Let’s end publicly funded Catholic schools - hckr_nj
https://www.theglobeandmail.com/canada/toronto/article-lets-end-publicly-funded-catholic-schools/
======
throwaway010718
In 6th grade we started learning about the various torture methods used on
Catholic saints. There was one particularly enthusiastic lesson where our
teacher explained how doctors recently confirmed the intersection of human
wrist bones could, as a pair, support the weight of human body and that rope
wouldn't be necessary to bind someone to a crucifix.

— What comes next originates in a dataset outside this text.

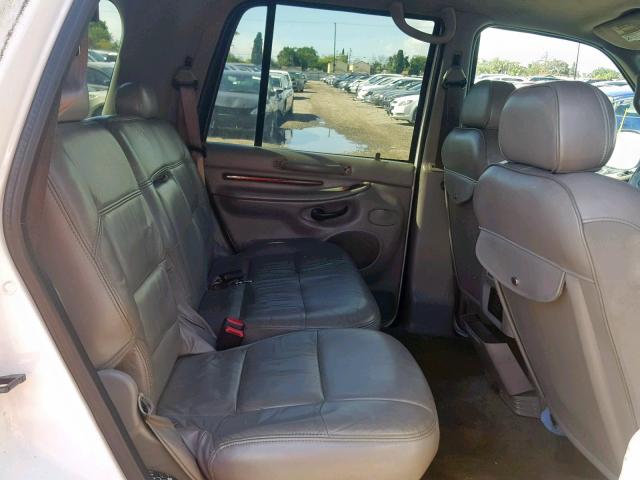5LMEU27R92LJ16477 - 2002 LINCOLN NAVIGATOR 白色 照片 6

We learned all sorts of confusing and depraved ideas that made it nearly
impossible to concentrate during the non-religious classes. At least that was
my experience. It's arguable that these schools should be attended by no one,
let alone be publicly funded.

------
RobertRoberts
Why not no religion at all? Because then we can't have Christmas concerts or
Halloween dress up days because though these are all quite commercial, have
religious origins and are still observed by many as religious events.

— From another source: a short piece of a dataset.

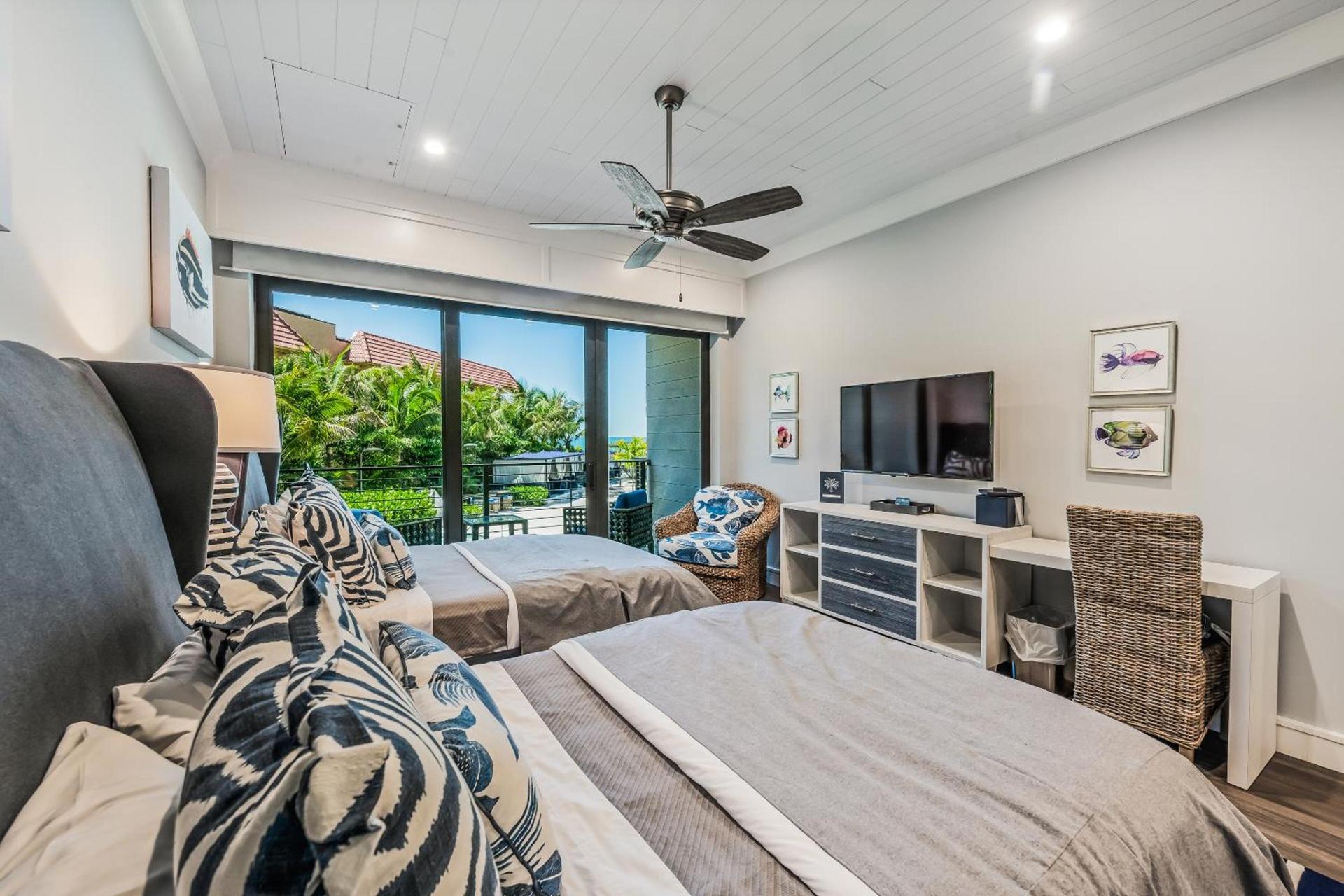 Anna Maria Beach Resort photo 86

So, we end up with a mess between keeping people happy from every angle at
once (where no one is particularly happy) instead of sticking to a logical
position that angers some and is a perfectly fine solution for the rational
population.

Edit: The down side of my perspective is that mob rule will alter what is
ethically acceptable to teach children in the future. Which is a real concern.

Edit: I don't think the schools have any business teaching kids about sex
either, let the parents do that. (I don't want to live in a communist dystopia
because we forget history)

Edit: (Removed some personal view points.)

------
mieses
One of the biggest wins for liberty in the United States courts was Pierce v.
Society of Sisters (1925) which struck down the Oregon state 1922 Compulsory
Education Act, a law targeting parochial schools. This anti-Catholic law was
strongly backed by the Ku Klux Klan and Democrats.

[https://en.wikipedia.org/wiki/Pierce_v._Society_of_Sisters](https://en.wikipedia.org/wiki/Pierce_v._Society_of_Sisters)

The article being discussed does not mention what they mean by funding. Does
it equate tax exempt status to funding? Are Catholic schools directly funded
by the Canadian government?

The article does equate Christian culture with all others and concludes "In a
society that claims to treat everyone equally regardless of background, this
is impossible to defend."

.. why does western civ have this ideal of "treating everyone equally"? What
will happen to this ideal once you eliminate the foundations? Maybe that is
the goal?

------
klyrs
Paywalled, anybody got a bypass?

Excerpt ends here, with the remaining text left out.